Select Committee on Environment, Food and Rural Affairs Written Evidence


Memorandum submitted by Alex Ross (CRED 22)

  This is not an application to give oral evidence at the CRed meeting with EFRA, but a written letter explaining my thoughts.

  I graduated from Nottingham University in 2005 with a degree in Classical Civilisations and now work full-time in Admin.

  With regards to experience I have none except for being keen on "Green" issues, I am a member of the WWF and also donate monthly to Fareshare, a food charity that takes food destined for landfill and redistributes to the vulnerable and needy. I have a green energy tariff with Scottish Power H2O Green Fund, have a water saving device in my cistern, have energy saving light bulbs and so on, and have been using the CRed Norwich site for many months now.

  I live in Leeds but was still encouraged to use the site by CRed as they wanted to expand into a nationwide project, which I would love to see.

  An expansion of the CRed project would be excellent, it lets people see how their own actions can affect the climate, and offers various solutions on reducing energy use. It also shows how plenty of small actions can add up until you are saving thousands of KGs of energy going into the atmosphere every year.

  An expansion of CRed into a nationwide scheme, or something similar, could see initiatives like this go into schools to teach children how to be more green in easy ways, from growing veg in a school garden, to understanding how to turn things off at the mains at home to save energy.

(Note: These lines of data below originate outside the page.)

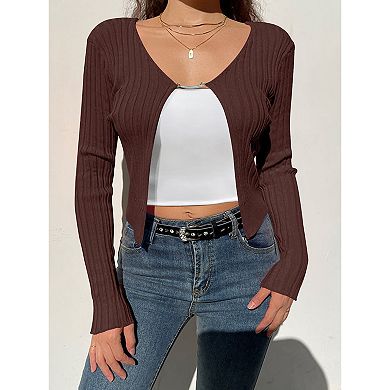 Women's Ribbed Knit Long Sleeve Open Front Casual Cropped Cardigan
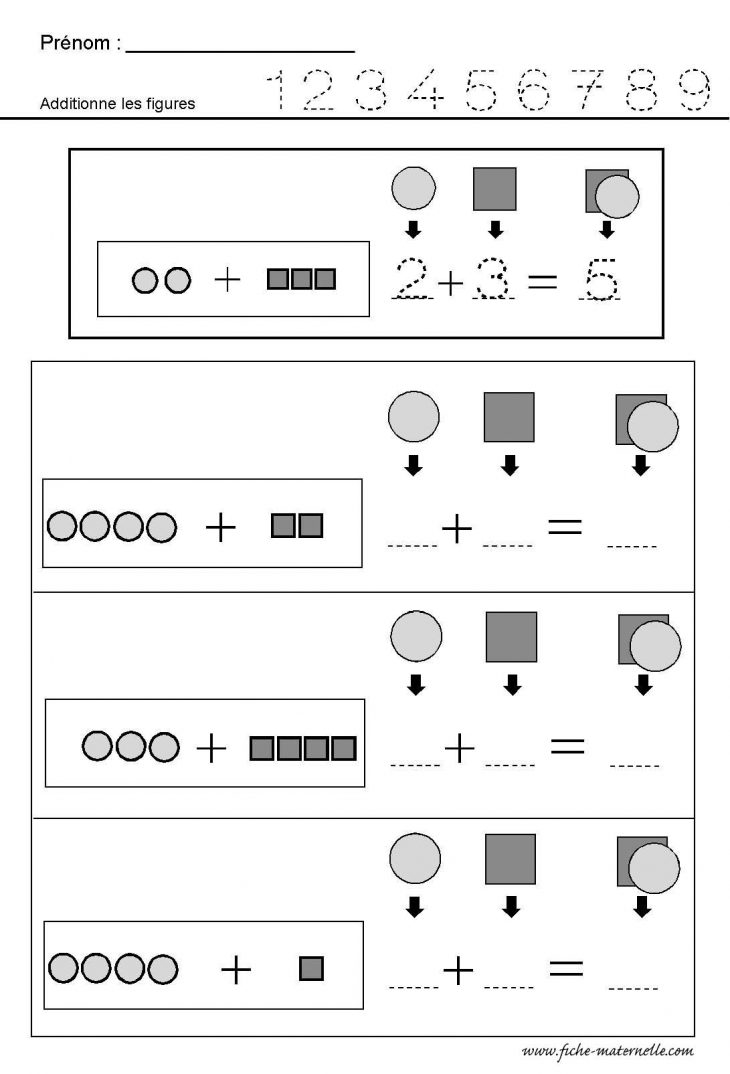 Worksheet Addition Fraction Sunstraction | Printable destiné Addition Maternelle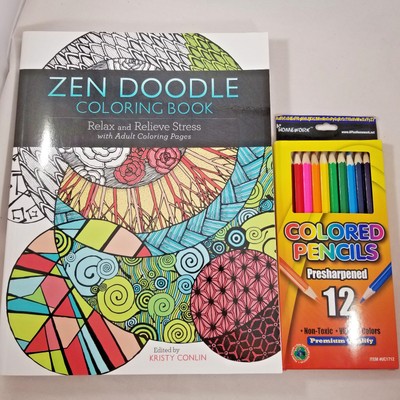 Zen Doodle Coloring Book And Set Of 12 Colored Pencils;Relieve Stress And Relax 9781440342820 EBay Zen Doodle Coloring Book And Set Of 12 Colored Pencils;Relieve Stress And Relax 9781440342820 EBay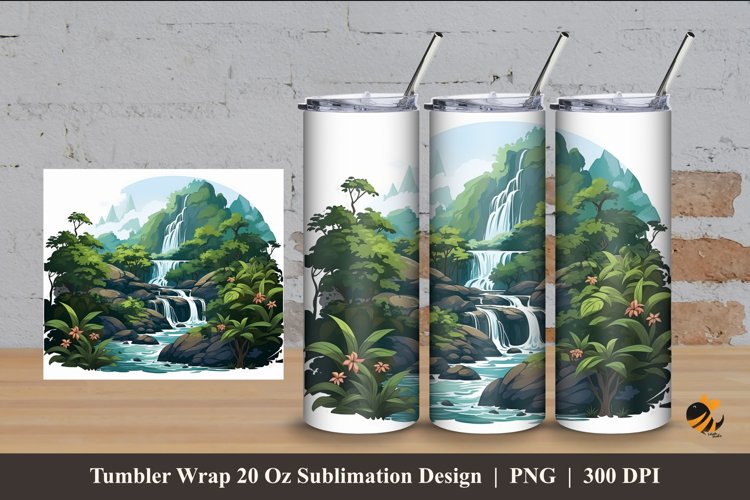 Tropical Island Tumbler Wrap Sublimation Design 4
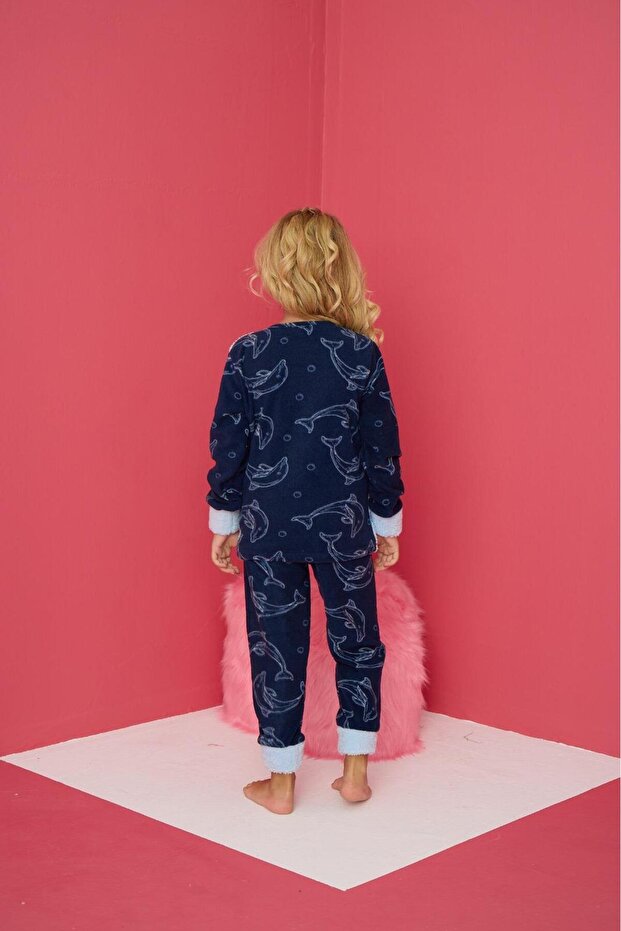 Pijamood 4176 Mavi Polar Uzun Kollu Kız Çocuk Pijama Takımı - 3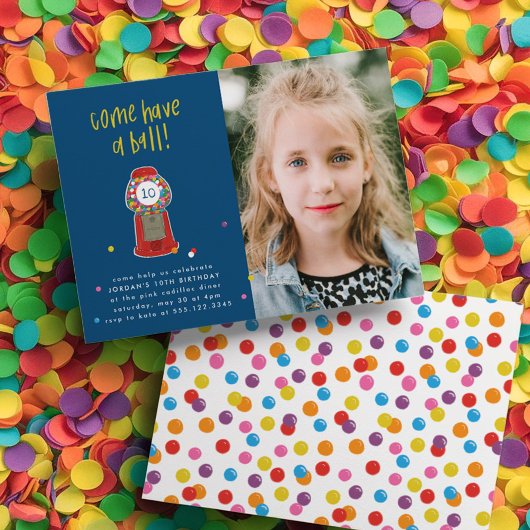 Invitation Photo Red Gumball Machine Candy Buble Gum Party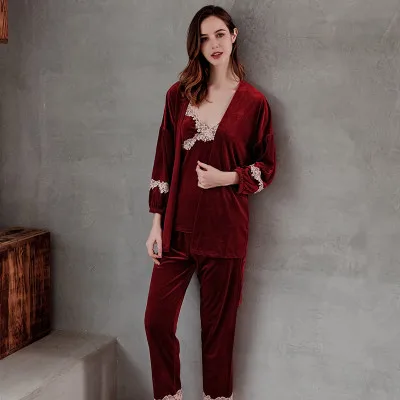 Женские бархатные пижамы Daeyard теплая Пижама с кружевами на осень и зиму пижамные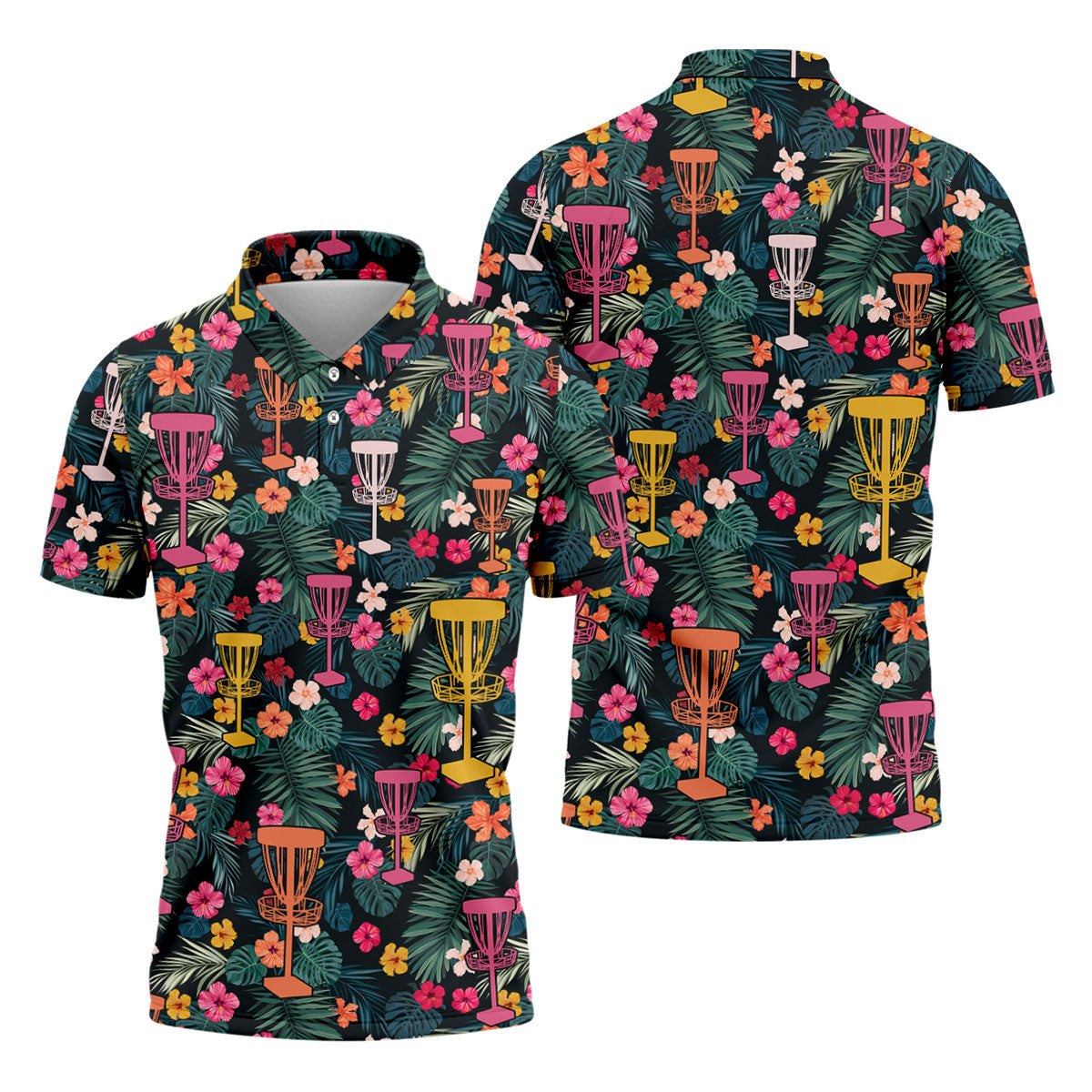 Dark Tropical Disc Golf Basket Polo Shirt, Printed Golf Shirts, Golf Apparel For Men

  For the government to make "green" choices easier, it desperately needs to expand the recycling services available in the UK. Although it is excellent DEFRA have managed to oversee a doubling of the recycling rates in three years, we're still far behind many places in Europe and I believe this is partly due to the amount of discrepancies in councils over what you can recycle, and also the inability to recycle many items such as batteries, light bulbs, tetrapaks (a big sinner) and so on. If people want to recycle these items then they have to pay themselves for it to be sent to the appropriate places.

  I believe a real way to make a difference in people's attitudes is for the government to act to reduce people's cynicism with regards to climate change, from the people who believe it doesn't exist, through to the people who believe green taxes would be used to line the treasuries pockets and there is nothing the individual can do. We need a "green awareness" proliferation on a bigger scale than the Y2K issue back in 1999.

  Perhaps all it needs is the government to stress what it is already doing, and then do it more. There are for instance, energy saving light bulbs made cheaper through government grants, but I only found them after searching online for weeks, make these more readily available so people can see the cost-effectiveness of CFLs, similarly offer companies bigger incentives (and punishments for not doing it) to make energy efficient products, and increase recycling for old, out-of-date appliances.

  I believe a lot of the framework is in place, it just needs fleshing out, so people can understand that every part of their lives has an affect on the environment and that there are very easy things they can do to make positive change.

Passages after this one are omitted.